Following a low carb diet has been proven time and again to be the most effective way to lose body fat quickly without compromising lean muscle. It also has a positive effect on blood sugar levels, can reduce high blood pressure, and generally gives its followers a better sense of well-being, with consistent energy levels, the ability to sleep better, and a reduction in appetite. There are however, a few myths about some negative effects relating to a low carb diet, which we hear time and again. Here we look at the truth behind these stories.
Myth #1 – Dr. Atkins died of obesity, due to complications caused by his own diet.
Dr. Robert Atkins, considered the father of the mainstream low carb diet, actually died in hospital as a result of a head injury he sustained because of a fall. He was a healthy weight, too – he gained a lot of fluid while he was intensive care, which caused him to look bloated, but he was not fat. His death was therefore the result of a tragic accident, and had nothing to do with the low carb diet he followed and wrote about.
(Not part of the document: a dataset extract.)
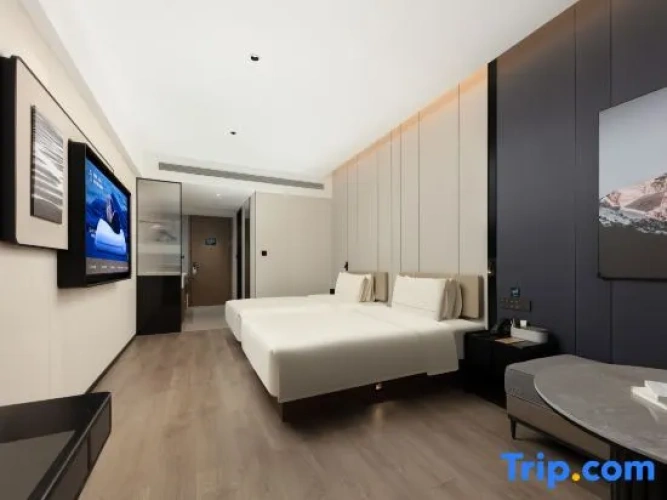 Executive Twin room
He had a lot of success treating overweight heart patients with his diet, which is what prompted him to publish it.
Myth #2 – The high fat content causes heart attacks.
If somebody is eating a diet full of carbs as well as a lot of fat, that fat gets stored in the body, clogging arteries and increasing the body fat ratio, which is incredibly unhealthy and can lead to heart attacks (as well as many other complications). For somebody who is in ketosis, both body fat and dietary fat are used as the body’s primary fuel source, and are not stored. This means they don’t cause the same damage they do if your body is fueled by glycogen.
Myth #3 – A low carb diet is bad for your kidneys.
The origin of this myth is that when somebody has kidney problems, they are usually advised to eat a low protein diet, and people tend to incorrectly believe that a low carb diet is extremely high in protein. This is not actually the case, the proportion of protein in a low carb diet is similar to that in a normal or low fat diet. The low carb diet is high fat, but not necessarily high protein.